Global equity markets are rallying in a ‘risk-on’ trade while safe haven assets such as treasury bonds & gold are being sold as a result of the French elections & lessened probability of a Frexit. Here’s a snapshot of the risk-on & risk-off assets: Gold, U.S. Treasury Bonds & a few the major US stock indices.
Starting with the safe haven assets, GLD (Gold ETF) is being sold today along with treasuries as of flight out of safe-haven assets. The sell-off in GLD could also be attributed to the fact that it just recently reached the most overbought readings since in over a year following an extended rally. The 3 horizontal lines just below are the former resistance zone that should now act as support.
IEF (7-10 year Treasury Bond ETF) is currently backtesting the trendline that defines the top of the recent basing pattern with horizontal support just below.

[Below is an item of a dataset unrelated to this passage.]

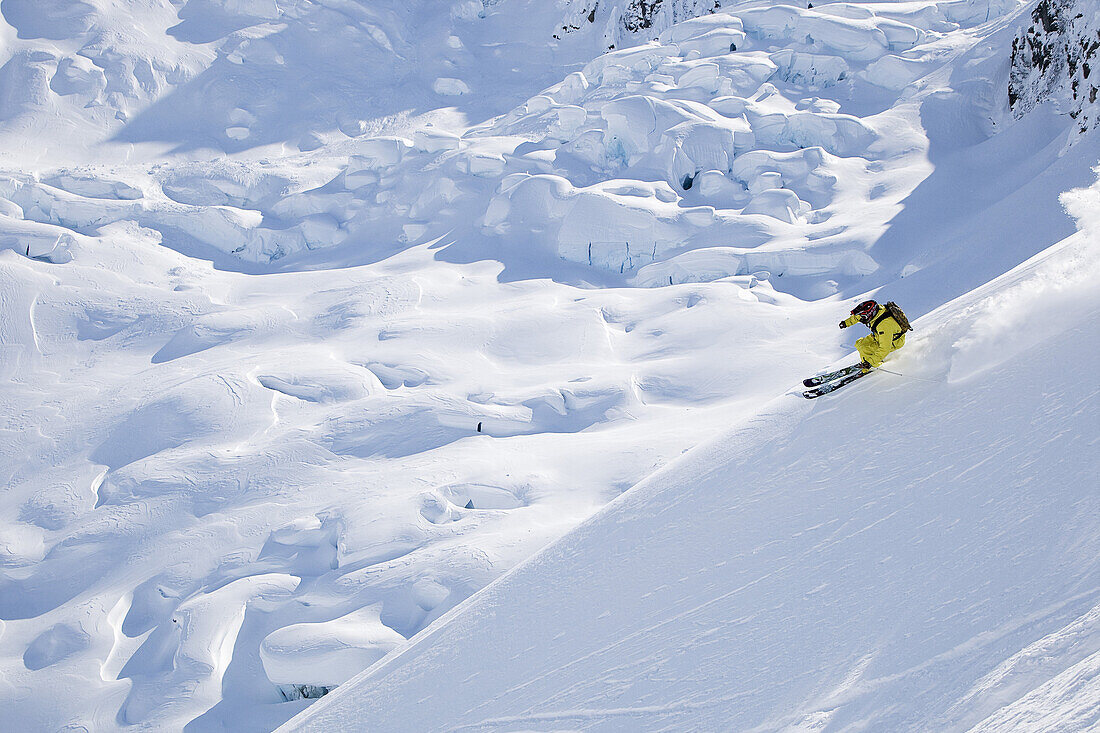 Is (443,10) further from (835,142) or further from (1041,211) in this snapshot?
(1041,211)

My preferred scenario would have this overbought relief sell-off ending soon with the next thrust up towards the yellow downtrend line while TLT (20+ year Treasury Bond ETF) is currently backtesting horizontal support with the downtrend line of the basing pattern just below. My preferred scenario is a successful backtest/reversal off the top of that basing pattern followed by a rally to the 127.25 level. These ETFs represent bond prices, which move inversely to bond yields. Bond prices up = yields falling which typically is a result of lower economic growth expectations and/or a flight to safety in expectation of weakness and/or volatility in the stock market.
Moving on to the equity markets, SPY (S&P 500 tracking ETF) is testing the near-term downtrend line resistance while still well off the March 1st peak while we have YADH (yet another divergent high) in QQQ with all other US stock indices still trading below their March 1st highs.
Although still trading below its March 1st highs, IWM (Russell 2000 Small Cap Index ETF) is the only index that I’m seeing some potential bullish developments with today’s French elections relief ‘risk-on’ rally as a daily close above the 139 resistance level / top of multi-month trading range (sans late Feb failed breakout) & bullish zero line cross of the PPO signal line could open the door to new highs.
While today’s early gains are impressive, along well withing the range of the daily swing in the market in recent months, both to the upside & downside, other than the breakout in the less significant small caps, I don’t see many technically significant developments in the charts although should the equity markets continue to substantially build on these gains while both treasury bonds & gold continue lower & clearly move below the lower end of the aforementioned support zones, then all we have so far is just more ‘noise’ within the recent multi-month down-to-sideways trading range in the stock market.